Я не знаю, что было бы, если бы Анжела не предложила мне тогда заняться пением тайком. Вполне возможно, я совсем скоро отступился бы от музыки и стал бы обычным, заурядным подростком, а потом, когда вырос, пошёл бы по стопам отца и Гриши, став шубником. Впрочем, разве не именно этим я и занимаюсь? Всё сгинуло. Музыка умерла. Единственное, что осталось – это умение врать, в том числе самому себе. И кажется, я совсем запутался в собственной лжи. А тогда я лишь радовался, что научился врать так, что никто никогда и не заподозрил лжи (раз уж Анжела смогла, то я точно смогу), и я очень старался спрятать музыку в себе так прочно, чтобы дать маме, отцу и Грише повод думать, что я наконец остепенился. От моей лжи все были счастливы. Это дало мне повод думать, что такой, какой я есть, я не нужен абсолютно никому в своей семье. Все гордились мной из-за того, что я делаю что-то, что они считают нужным, но при этом никто не знал, что делаю я это лишь для того, чтобы скрыть главное, как вернувшийся от любовницы муж задаривает жену подарками. Я стал, наконец, идеальным сыном и братом. Для мамы я прилежно занимался Торой с равом Кантором, а для отца – ходил с Гришей в шубный цех и проявлял заинтересованность тем, сколько норок убили для того, чтобы получилась одна шуба. «Искусство требует жертв», – со знанием дела бросал я Грише шаблонную фразу, а он и не подозревал, что я имею в виду совсем другое. Это не их уродливые шубы были произведением искусства, это я должен был пожертвовать правдой ради искусства.

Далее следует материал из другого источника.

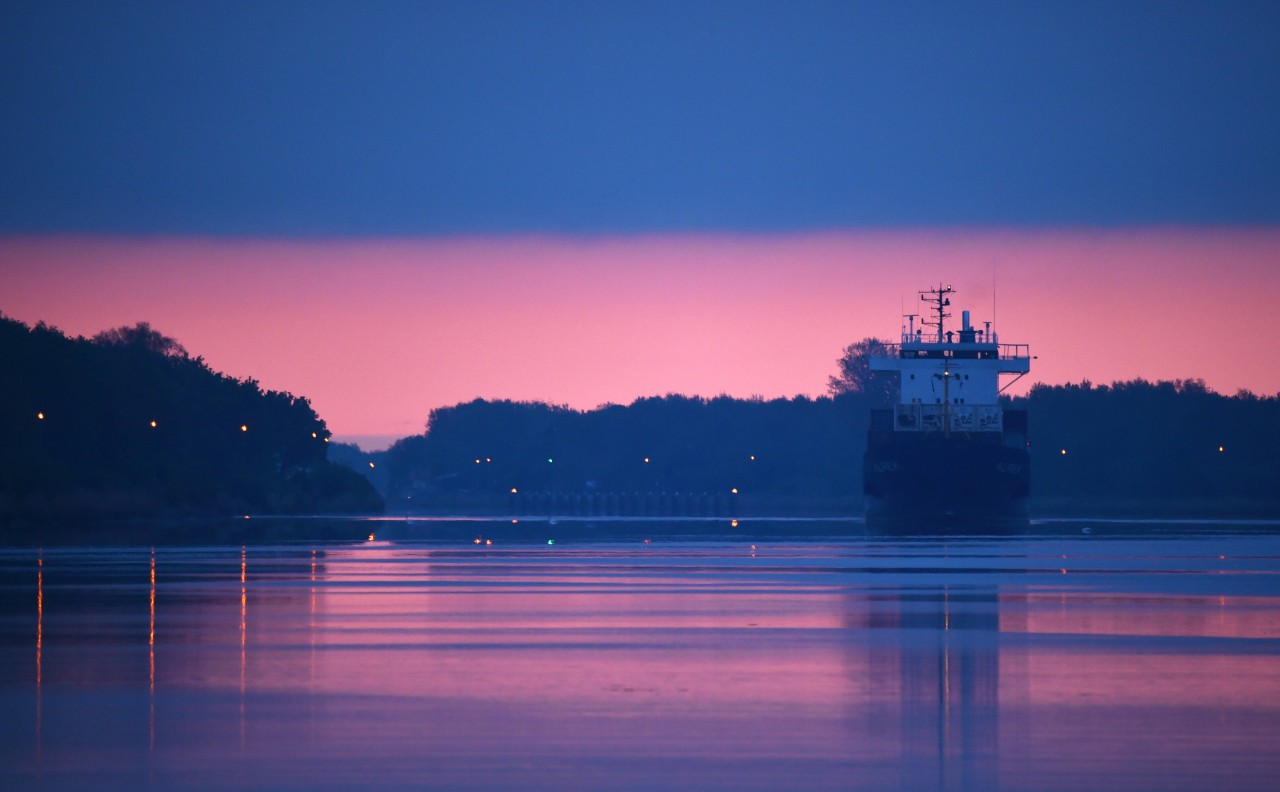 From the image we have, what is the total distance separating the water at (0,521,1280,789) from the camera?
10914 millimetres

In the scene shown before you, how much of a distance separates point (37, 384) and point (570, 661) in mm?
71607

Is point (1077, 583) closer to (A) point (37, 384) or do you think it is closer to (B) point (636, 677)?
(B) point (636, 677)

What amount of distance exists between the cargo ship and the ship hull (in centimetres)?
4

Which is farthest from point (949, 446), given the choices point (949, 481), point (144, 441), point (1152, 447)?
point (1152, 447)

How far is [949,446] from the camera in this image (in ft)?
225

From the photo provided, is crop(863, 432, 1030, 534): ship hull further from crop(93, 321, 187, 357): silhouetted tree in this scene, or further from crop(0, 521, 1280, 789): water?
crop(93, 321, 187, 357): silhouetted tree

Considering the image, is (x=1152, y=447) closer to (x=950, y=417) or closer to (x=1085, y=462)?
(x=1085, y=462)

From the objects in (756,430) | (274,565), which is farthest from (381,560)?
(756,430)

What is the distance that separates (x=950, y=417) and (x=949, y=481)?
991cm

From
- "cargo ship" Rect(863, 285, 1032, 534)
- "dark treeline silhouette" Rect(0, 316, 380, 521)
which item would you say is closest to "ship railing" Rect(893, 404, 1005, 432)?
"cargo ship" Rect(863, 285, 1032, 534)

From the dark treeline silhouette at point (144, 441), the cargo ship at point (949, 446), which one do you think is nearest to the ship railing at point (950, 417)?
the cargo ship at point (949, 446)

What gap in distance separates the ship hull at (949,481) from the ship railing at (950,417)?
19.4ft

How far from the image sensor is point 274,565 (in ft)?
108

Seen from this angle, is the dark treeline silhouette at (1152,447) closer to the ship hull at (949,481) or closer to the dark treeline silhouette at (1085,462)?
the dark treeline silhouette at (1085,462) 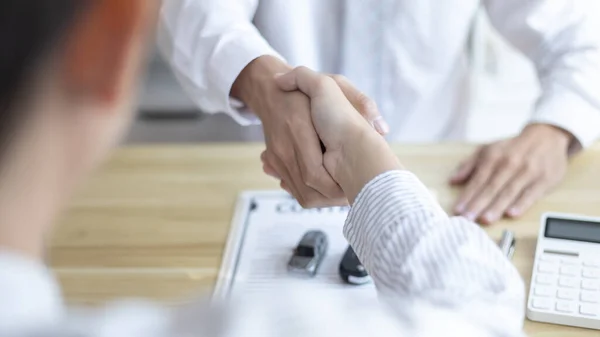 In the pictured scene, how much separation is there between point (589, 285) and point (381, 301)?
1.31ft

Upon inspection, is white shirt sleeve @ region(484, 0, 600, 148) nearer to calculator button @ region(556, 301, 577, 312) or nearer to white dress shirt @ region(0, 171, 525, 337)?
calculator button @ region(556, 301, 577, 312)

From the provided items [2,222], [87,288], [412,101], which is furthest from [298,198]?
[2,222]

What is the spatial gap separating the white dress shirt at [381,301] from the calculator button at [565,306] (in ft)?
0.52

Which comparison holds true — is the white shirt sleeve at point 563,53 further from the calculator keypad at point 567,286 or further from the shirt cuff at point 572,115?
the calculator keypad at point 567,286

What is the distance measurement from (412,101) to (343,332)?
0.87 metres

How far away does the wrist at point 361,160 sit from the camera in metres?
0.75

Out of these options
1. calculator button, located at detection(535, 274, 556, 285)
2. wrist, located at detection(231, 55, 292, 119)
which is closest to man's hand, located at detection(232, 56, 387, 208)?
wrist, located at detection(231, 55, 292, 119)

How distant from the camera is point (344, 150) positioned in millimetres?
820

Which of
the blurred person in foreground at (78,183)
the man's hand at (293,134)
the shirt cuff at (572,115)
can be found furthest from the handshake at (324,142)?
the shirt cuff at (572,115)

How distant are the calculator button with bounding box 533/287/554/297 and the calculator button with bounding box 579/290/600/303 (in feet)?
0.10

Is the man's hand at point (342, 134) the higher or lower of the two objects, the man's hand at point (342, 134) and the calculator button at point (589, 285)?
the higher

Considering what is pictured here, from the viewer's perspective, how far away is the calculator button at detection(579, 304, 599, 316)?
77cm

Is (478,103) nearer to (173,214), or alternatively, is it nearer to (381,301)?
(173,214)

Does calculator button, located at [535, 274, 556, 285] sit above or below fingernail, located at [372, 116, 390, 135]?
below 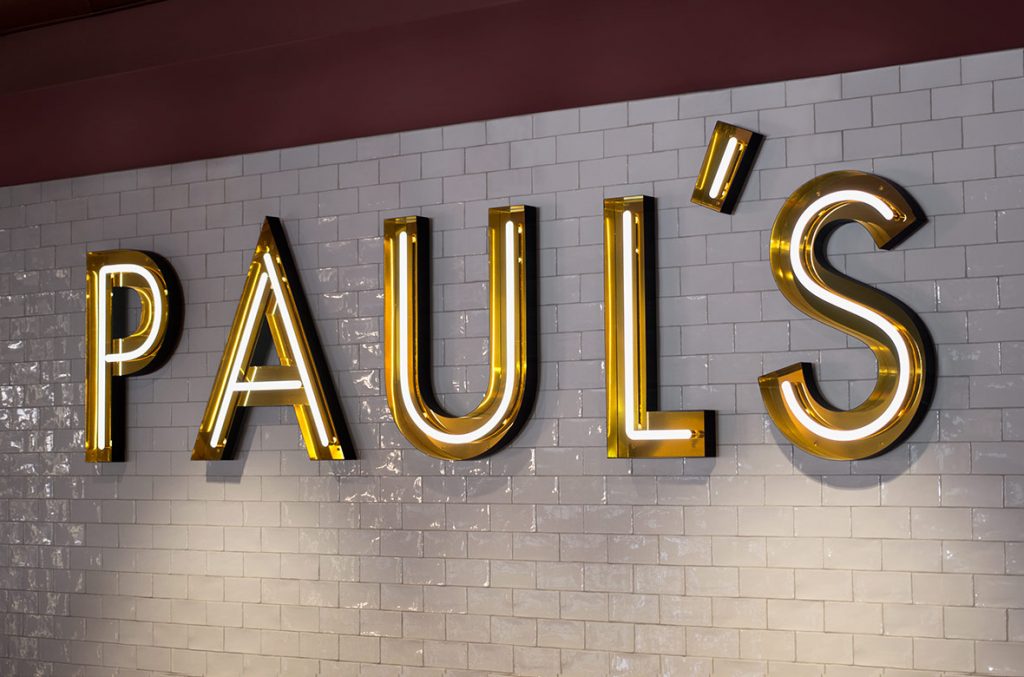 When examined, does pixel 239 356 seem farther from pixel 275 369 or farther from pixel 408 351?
pixel 408 351

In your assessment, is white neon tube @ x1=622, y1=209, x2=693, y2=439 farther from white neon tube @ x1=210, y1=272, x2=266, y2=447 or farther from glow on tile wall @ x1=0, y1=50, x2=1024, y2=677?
white neon tube @ x1=210, y1=272, x2=266, y2=447

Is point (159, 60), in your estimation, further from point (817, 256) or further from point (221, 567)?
point (817, 256)

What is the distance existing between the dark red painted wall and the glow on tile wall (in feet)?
0.36

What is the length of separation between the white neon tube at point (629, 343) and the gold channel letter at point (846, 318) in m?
0.47

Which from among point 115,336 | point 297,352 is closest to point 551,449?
point 297,352

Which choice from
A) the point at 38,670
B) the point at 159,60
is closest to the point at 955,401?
the point at 159,60

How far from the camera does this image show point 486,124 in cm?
504

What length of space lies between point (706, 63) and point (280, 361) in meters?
2.14

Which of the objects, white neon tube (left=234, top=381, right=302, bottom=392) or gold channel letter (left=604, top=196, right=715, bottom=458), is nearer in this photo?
Result: gold channel letter (left=604, top=196, right=715, bottom=458)

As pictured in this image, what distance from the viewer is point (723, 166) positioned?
452 cm

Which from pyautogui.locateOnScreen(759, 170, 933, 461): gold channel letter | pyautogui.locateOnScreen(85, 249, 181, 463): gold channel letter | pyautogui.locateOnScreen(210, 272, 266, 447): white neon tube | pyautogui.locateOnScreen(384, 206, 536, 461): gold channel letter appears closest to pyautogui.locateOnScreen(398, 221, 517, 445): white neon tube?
pyautogui.locateOnScreen(384, 206, 536, 461): gold channel letter

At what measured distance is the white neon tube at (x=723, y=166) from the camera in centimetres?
450

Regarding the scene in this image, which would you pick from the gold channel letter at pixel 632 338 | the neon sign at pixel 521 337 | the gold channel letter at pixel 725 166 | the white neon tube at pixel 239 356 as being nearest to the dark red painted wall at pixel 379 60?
the gold channel letter at pixel 725 166

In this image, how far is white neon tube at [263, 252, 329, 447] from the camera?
5148 mm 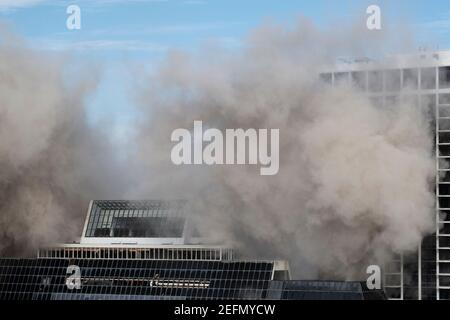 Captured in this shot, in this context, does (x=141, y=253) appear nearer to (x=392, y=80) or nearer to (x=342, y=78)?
(x=342, y=78)

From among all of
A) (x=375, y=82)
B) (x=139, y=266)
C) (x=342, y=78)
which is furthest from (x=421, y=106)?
(x=139, y=266)

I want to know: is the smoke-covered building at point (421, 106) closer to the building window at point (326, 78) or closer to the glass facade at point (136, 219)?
the building window at point (326, 78)

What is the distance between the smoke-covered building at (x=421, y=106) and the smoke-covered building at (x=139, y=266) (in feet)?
8.51

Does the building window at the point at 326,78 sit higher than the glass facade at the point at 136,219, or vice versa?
the building window at the point at 326,78

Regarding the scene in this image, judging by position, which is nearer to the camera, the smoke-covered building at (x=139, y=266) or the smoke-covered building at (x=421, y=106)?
the smoke-covered building at (x=139, y=266)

У меня так хорошо получалось изображать религиозное смирение, что после месяца занятий рав Кантор сказал маме, что мне обязательно следует развивать религиозный дар.

– Ведь такая глубокая религиозность – она как цвет волос – врождённая, либо она есть, либо её нет. Приобрести нельзя.

Я всегда чувствовал, чего хотят от меня люди, и пытался им это дать, так что когда мама попросила меня чаще ходить к шойхету и смотреть на кошерный забой скота, чтобы потом, со временем, заниматься этим самому, я не стал возражать. Хоть мне и было отвратительно смотреть на кровь и невыносим звук режущейся плоти, я полюбил вглядываться в глаза животных в их последний миг. Благодаря этому смерть перестала быть для меня проблемой. Ведь она была повсюду. Если смерть животного перестаёт быть просто убийством, а становится священной жертвой ради высшего блага, то и наша смерть может когда-нибудь стать священной жертвой во имя Бога. Главное – не умереть глупо, главное – умереть ради чего-то правильного.

Я знаю о жертвоприношении всё. Как это ни странно звучит сейчас, каждый раз, когда я смотрел на убиваемое животное, я говорил себе, что и само животное, и правда – жертва во имя музыки. А чего стоит правда без высшего смысла? Ведь оттого, как искренне и достоверно я солгу, зависел рай, который я вдруг, неожиданно, стал обретать.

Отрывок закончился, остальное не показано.